Sirloin, beurre, ail, herbes fraîches et épices : tout ce qu’il faut pour un beurre composé qui tient ses promesses.

  • Sirloin (ou faux-filet) : Le sirloin offre un bon équilibre entre tendreté et goût — il a assez de mâche pour ne pas s’effondrer à la cuisson vive, mais reste tendre si on ne le massacre pas. Le faux-filet est plus persillé et plus savoureux, mais un poil plus cher. À éviter : le rond de gîte ou tout morceau à braiser, qui demande une cuisson longue pour être agréable. Demandez à votre boucher un morceau de 2 à 3 cm d’épaisseur pour pouvoir le couper en cubes réguliers.
  • Beurre doux (non salé) : Le beurre non salé vous laisse le contrôle sur l’assaisonnement final — c’est important ici parce que le beurre cowboy contient déjà de la sauce Worcestershire et de la moutarde, qui ont leur propre sel. Le beurre doit être mou, sorti du frigo 30 minutes avant, pour se mélanger facilement aux herbes et aux épices sans former de grumeaux. Du beurre de qualité (82% de matières grasses minimum) fond mieux et a plus de goût.
  • Ail frais : Deux gousses d’ail finement hachées — pas pressées, pas en poudre. L’ail pressé libère trop d’humidité et rend le beurre liquide. L’ail en poudre n’a ni le piquant ni le parfum de l’ail cru incorporé directement dans le beurre à froid. Hachez-le fin pour qu’il se répartisse uniformément dans chaque bouchée.
  • Moutarde de Dijon : Elle joue un rôle d’émulsifiant dans le beurre composé : elle aide les éléments liquides (Worcestershire, jus de citron) à s’incorporer dans le gras du beurre sans se séparer. Son piquant est subtil une fois mélangé, mais indispensable pour la profondeur du goût. Une moutarde à l’ancienne fonctionne aussi — elle apporte une texture différente et un goût un peu plus doux.

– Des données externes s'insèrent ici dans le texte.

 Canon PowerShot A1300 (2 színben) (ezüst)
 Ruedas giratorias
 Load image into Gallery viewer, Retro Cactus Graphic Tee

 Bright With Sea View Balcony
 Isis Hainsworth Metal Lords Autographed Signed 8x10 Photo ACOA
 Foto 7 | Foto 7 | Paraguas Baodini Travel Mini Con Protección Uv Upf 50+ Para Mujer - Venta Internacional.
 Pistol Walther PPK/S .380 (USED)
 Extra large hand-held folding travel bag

  • Paprika fumé : C’est l’épice qui donne au beurre cowboy sa signature — une note fumée qui rappelle la braise sans avoir allumé un barbecue. Une cuillère à café suffit : trop et ça prend le dessus sur tout le reste. Si vous n’en avez pas, du paprika doux ordinaire donne de la couleur mais pas de fumée — ce n’est pas la même chose, mais c’est utilisable.

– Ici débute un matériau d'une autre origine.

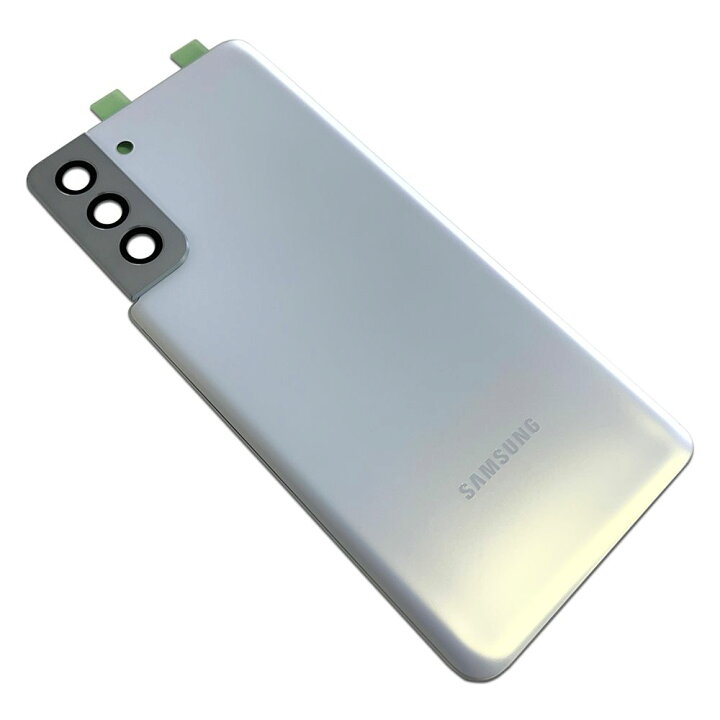 楽天市場】Galaxy S21+ バックパネル 背面ガラス リアプレート 修理用 
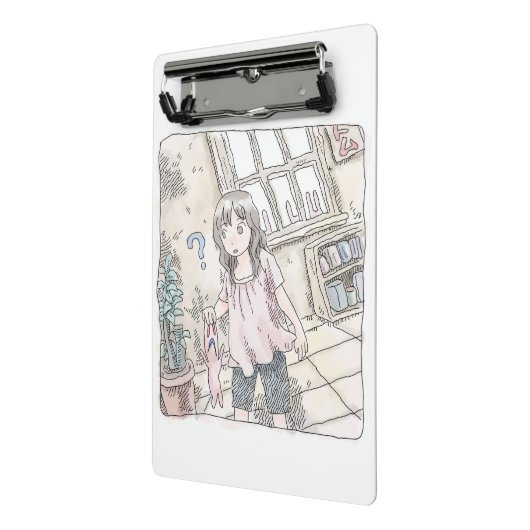 さむくなじ MINI KLEMMBRETT (Gewinkelt2)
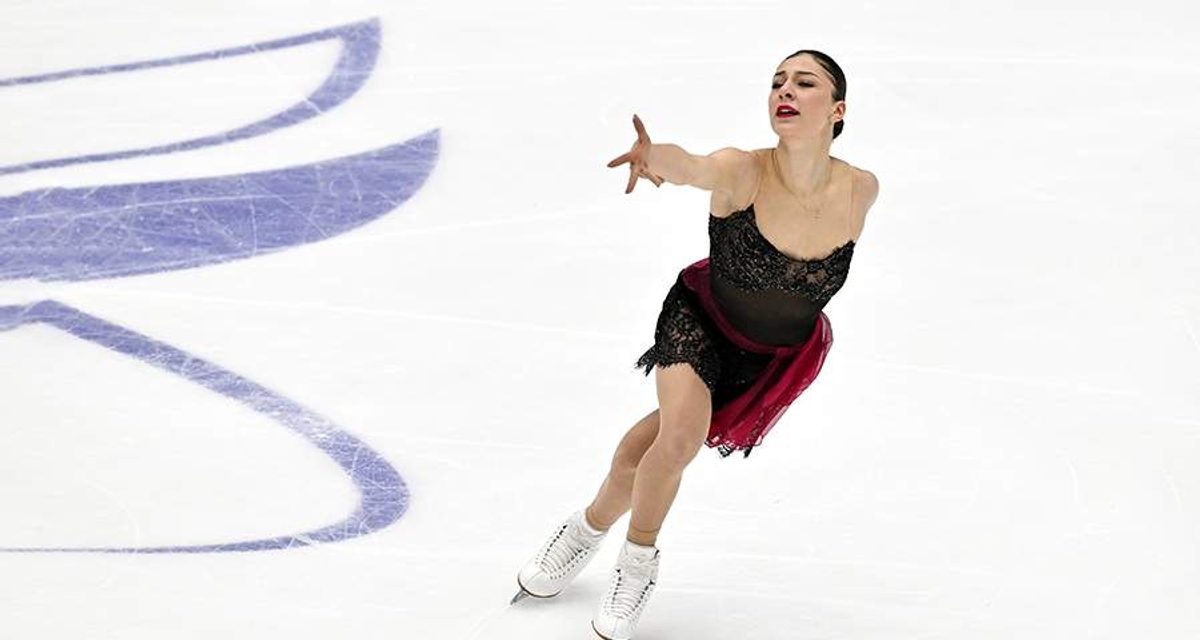 Анна Фролова выиграла короткую программу в Казани, а Камила Валиева не выступила из-за болезни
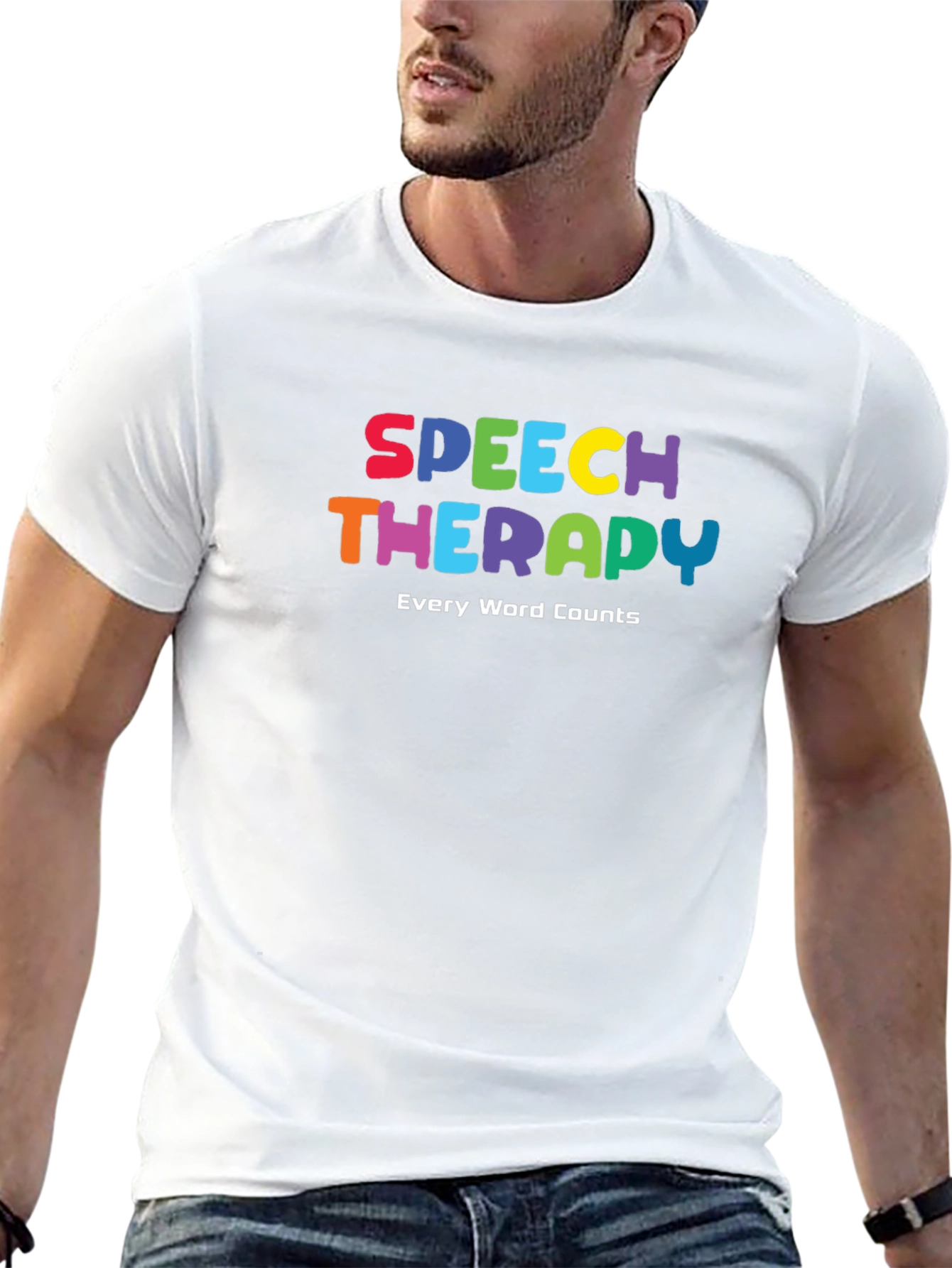 Speech Therapy T-Shirt: Every Word Counts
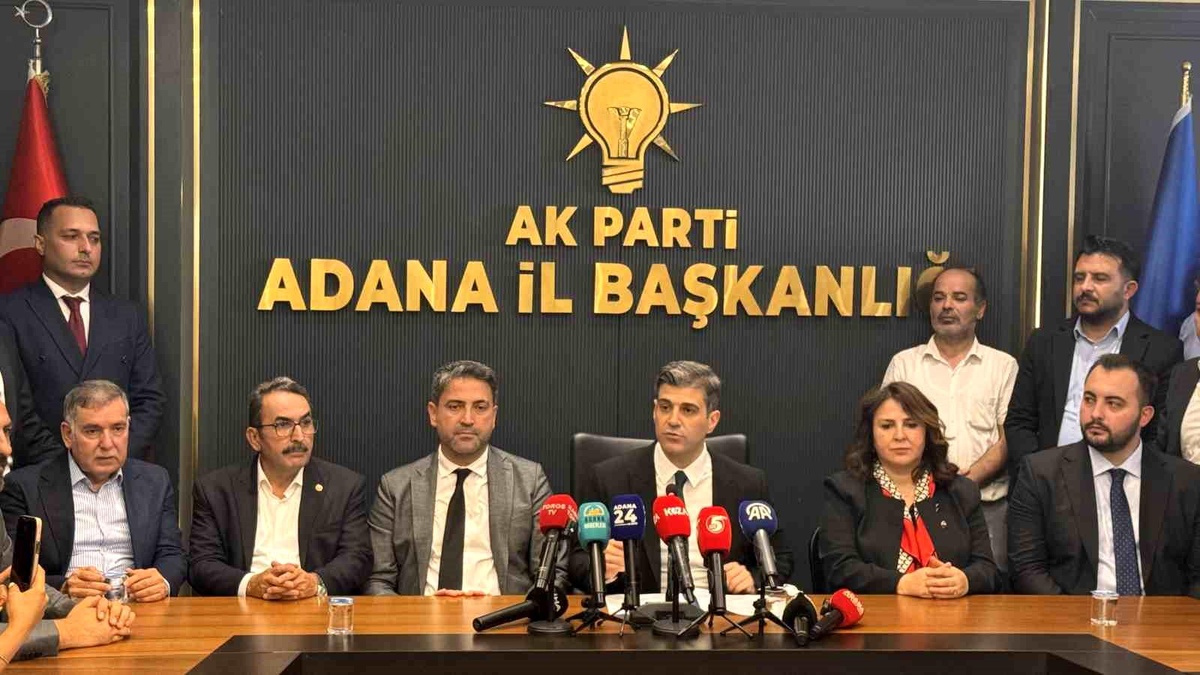 Mustafa Özkan, Adana İl Başkanı Oldu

  • Persil plat et ciboulette frais : Les herbes fraîches apportent de la fraîcheur et de la couleur dans un beurre composé qui serait sans elles un peu lourd. Le persil plat a plus de goût que le persil frisé — privilégiez-le. La ciboulette apporte une note d’oignon douce qui complète l’ail. Si vous n’avez que l’un des deux, utilisez le persil ; si vous n’avez ni l’un ni l’autre, du thym frais fonctionne dans un registre différent mais tout aussi intéressant.

La viande a besoin de temps

Sortez le steak du réfrigérateur au moins 20 à 30 minutes avant de cuisiner. Ce n’est pas une précaution vague : une viande froide plongée dans une poêle chaude crée un choc thermique qui se traduit par une cuisson inégale — le dehors brûle pendant que le centre reste froid. À température ambiante, la chaleur pénètre de façon régulière et vous obtenez ce rosé uniforme à l’intérieur que tout le monde cherche. Pendant ce temps de repos, coupez le steak en cubes d’environ 3 cm de côté — assez gros pour avoir de la mâche, assez petits pour cuire vite et s’imprégner de beurre. Assaisonnez généreusement avec du sel et du poivre noir fraîchement moulu, en veillant à couvrir toutes les faces.